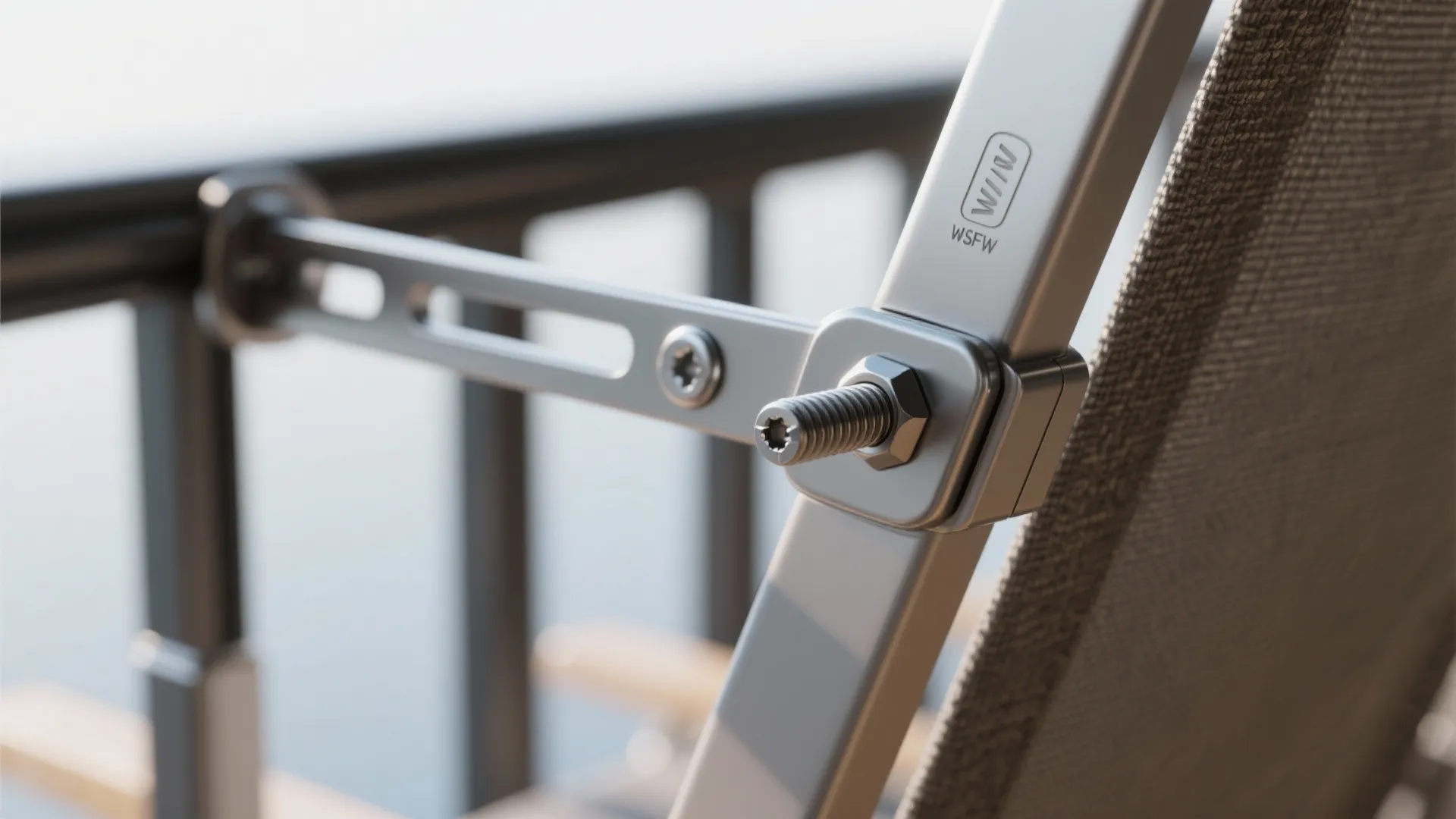 Foldable balcony furniture that disappears when you need room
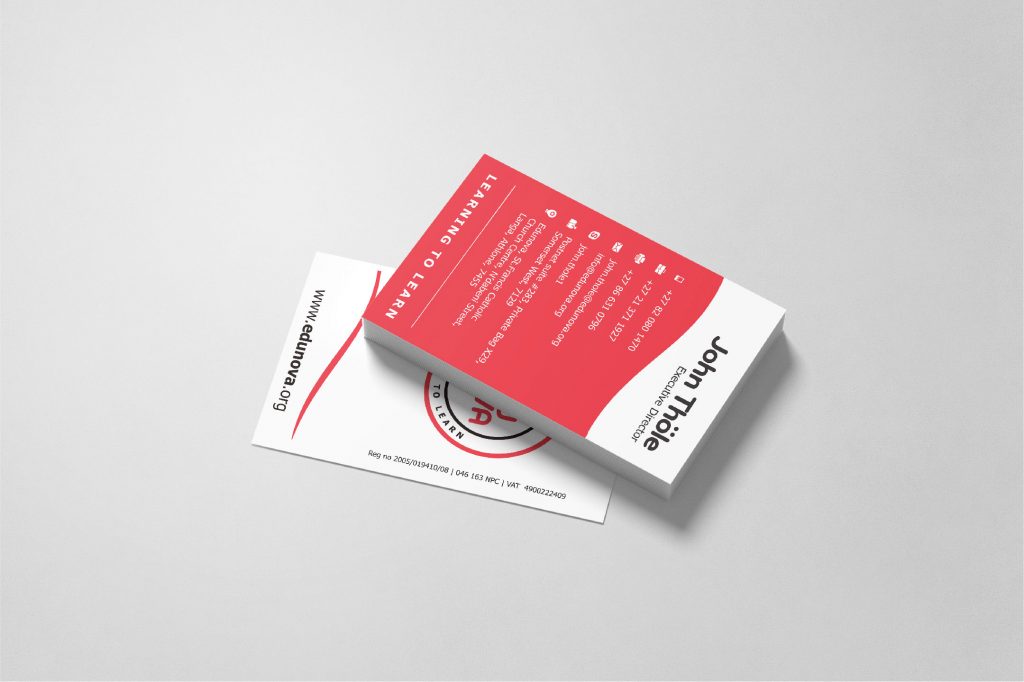 edunova business card mockup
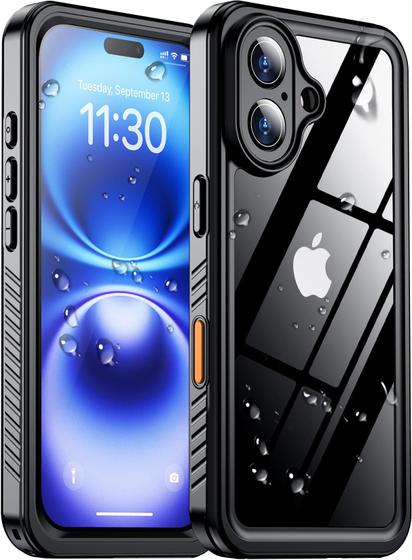 Imagem de Capa Impermeável Temdan para iPhone 16 (6.1")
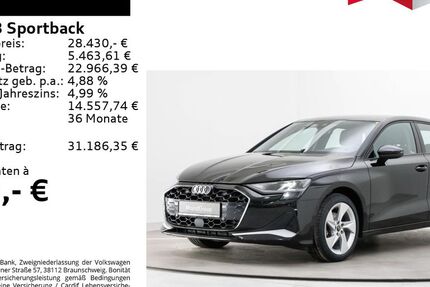 Audi A3 27.300 km 27.560 &euro; Feldkirchen/Westerham 83620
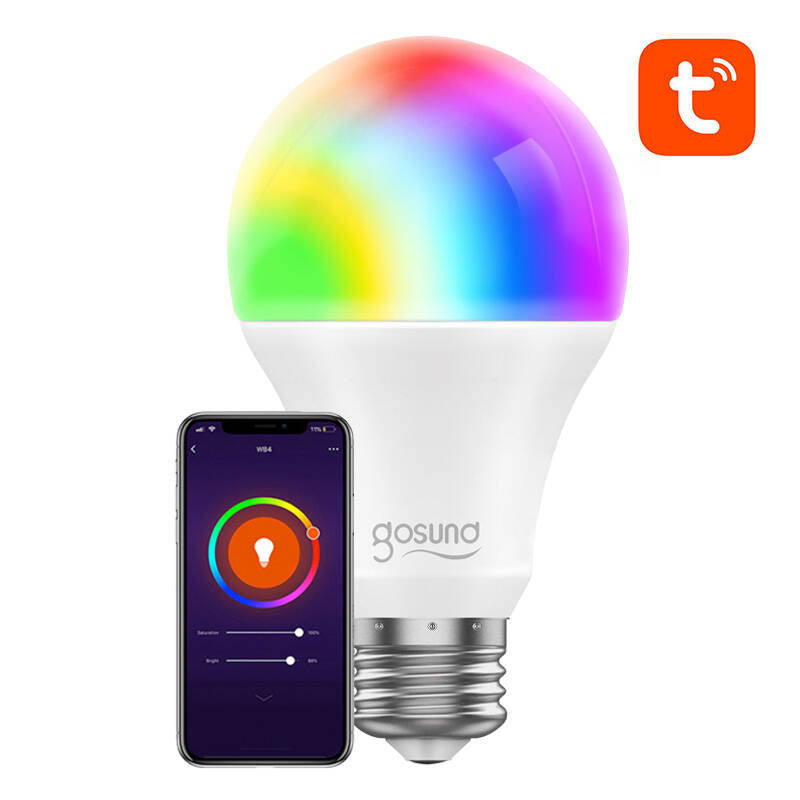 RGB Gosund WB4 8W 800lm Tuya smart LED pære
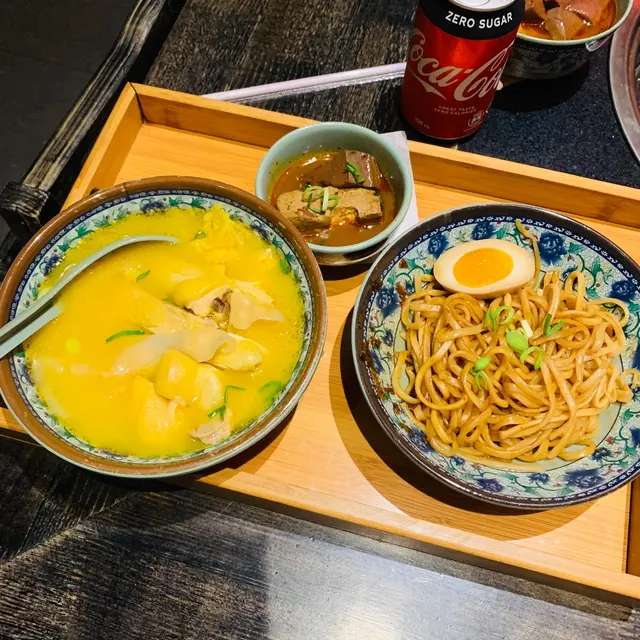 美容養顏花膠濃湯台式拌乾麵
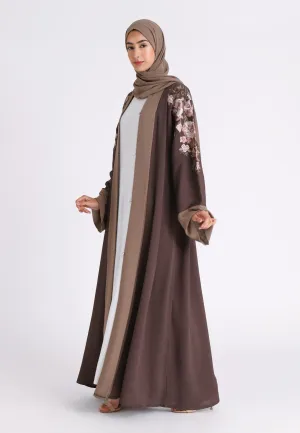 Luxury Embroidered Kimono Open Abaya (Premium)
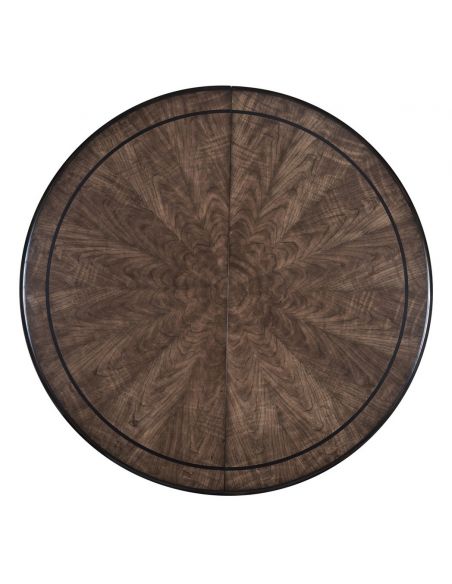 Dining Tables Round to oval dining table with a pleasant understated elegance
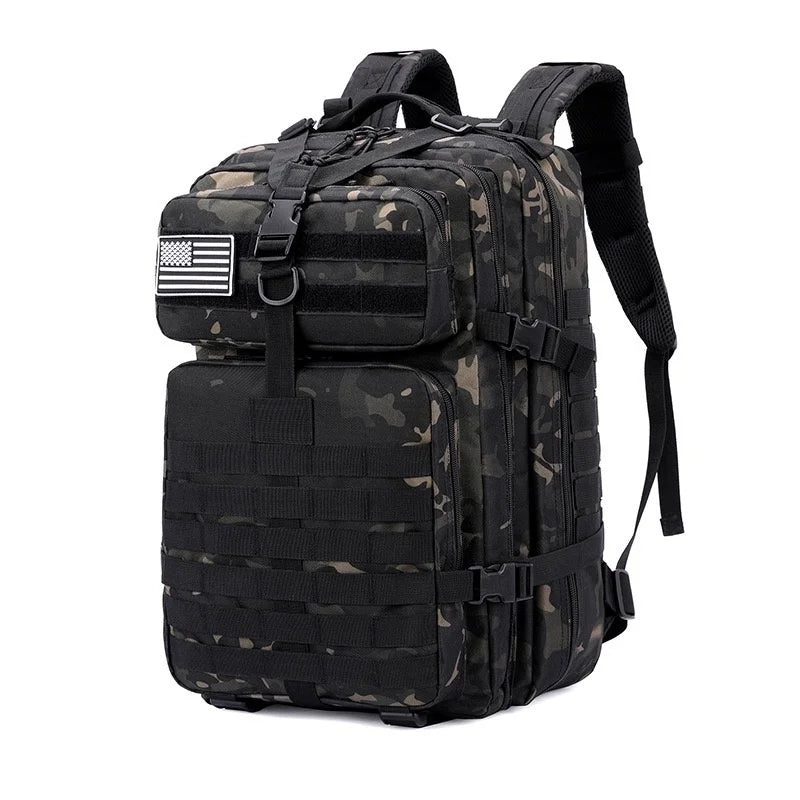 Outdoor tactical backpack, lightweight with waterproof function, large capacity,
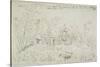 Cottage at East Bergholt-John De Critz The Elder-Stretched Canvas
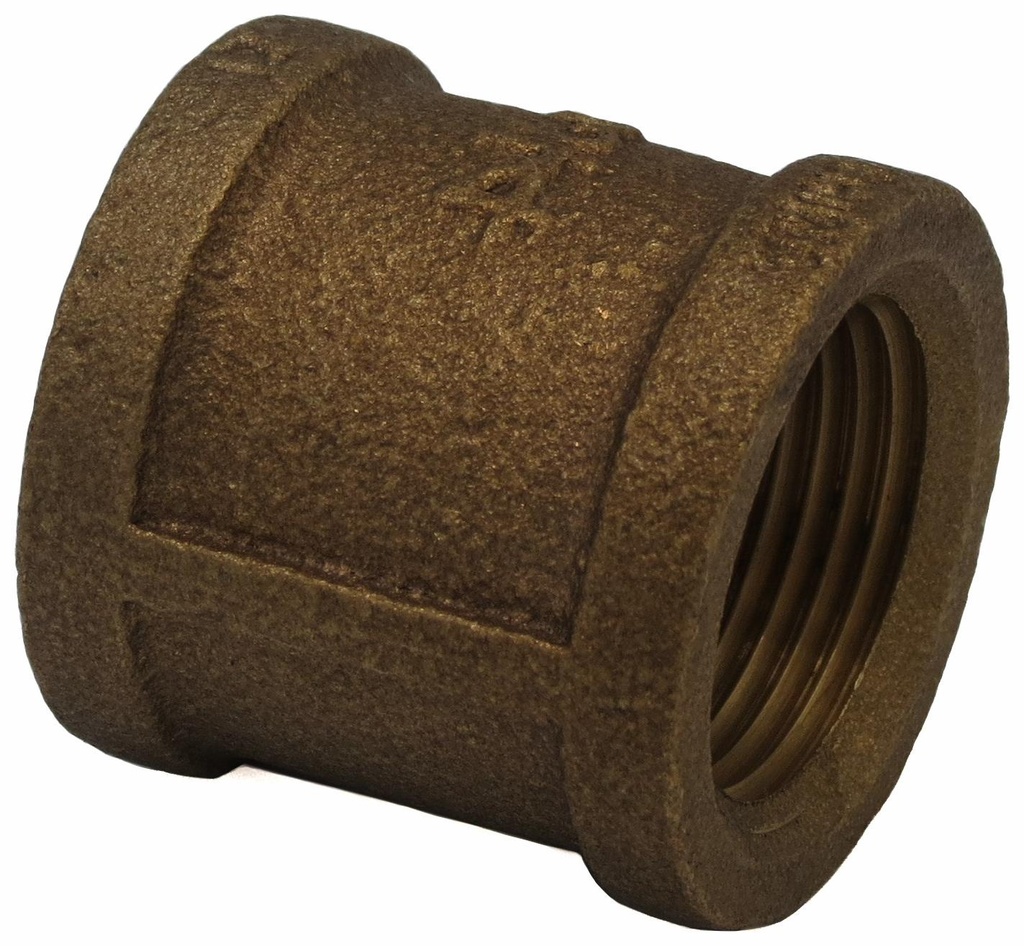 1/2 FIP COUPLING THREADED BRONZE - LEAD FREE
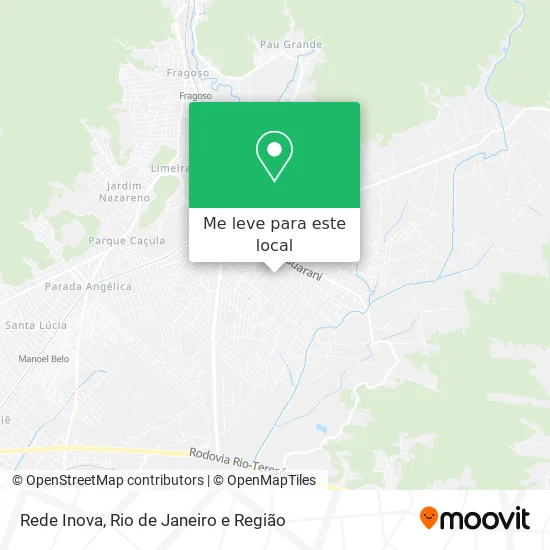 Rede Inova mapa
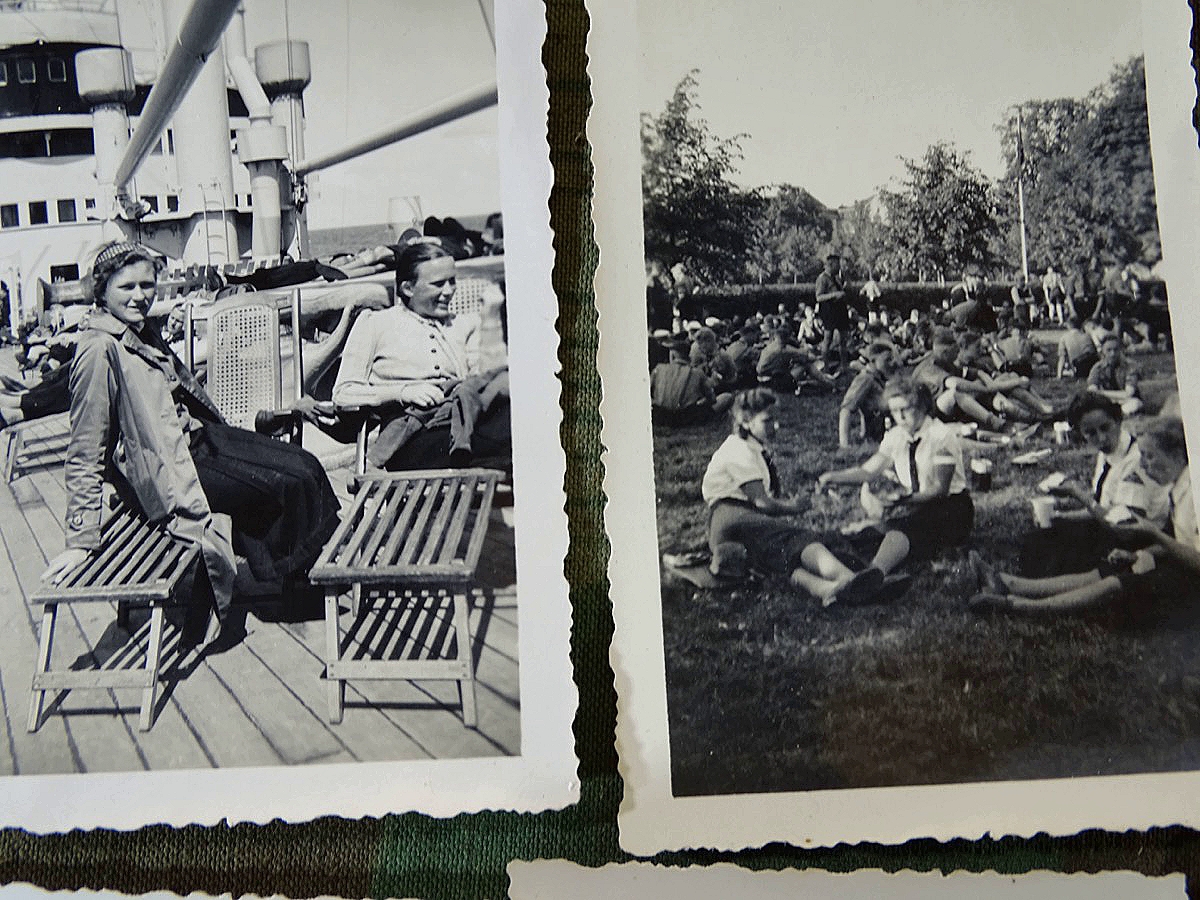 15 Fotos eines BDM Mädchens auf einer KdF Schiffsreise, wohl Skandinavien 03.07.1934 15 Fotos eines BDM Mädchens auf einer KdF Schiffsreise, wohl Skandinavien 03.07.1934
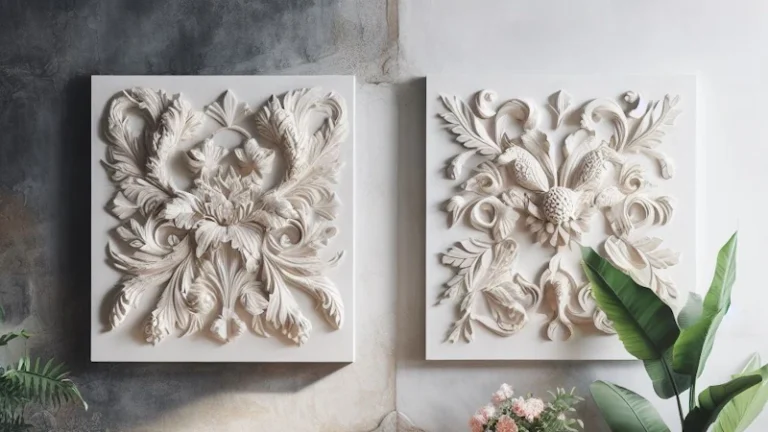 Plaster Wall Art Set Of 2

--- What to work on ---
All entries should be restated word for word; no images belong in the copy.

--- Completed task ---
 Foldable balcony furniture that disappears when you need room
 edunova business card mockup
 Imagem de Capa Impermeável Temdan para iPhone 16 (6.1")
 Audi A3 27.300 km 27.560 &euro; Feldkirchen/Westerham 83620
 RGB Gosund WB4 8W 800lm Tuya smart LED pære
 美容養顏花膠濃湯台式拌乾麵
 Luxury Embroidered Kimono Open Abaya (Premium)
 Dining Tables Round to oval dining table with a pleasant understated elegance
 Outdoor tactical backpack, lightweight with waterproof function, large capacity,
 Cottage at East Bergholt-John De Critz The Elder-Stretched Canvas
 1/2 FIP COUPLING THREADED BRONZE - LEAD FREE
 Rede Inova mapa
 15 Fotos eines BDM Mädchens auf einer KdF Schiffsreise, wohl Skandinavien 03.07.1934 15 Fotos eines BDM Mädchens auf einer KdF Schiffsreise, wohl Skandinavien 03.07.1934
 Plaster Wall Art Set Of 2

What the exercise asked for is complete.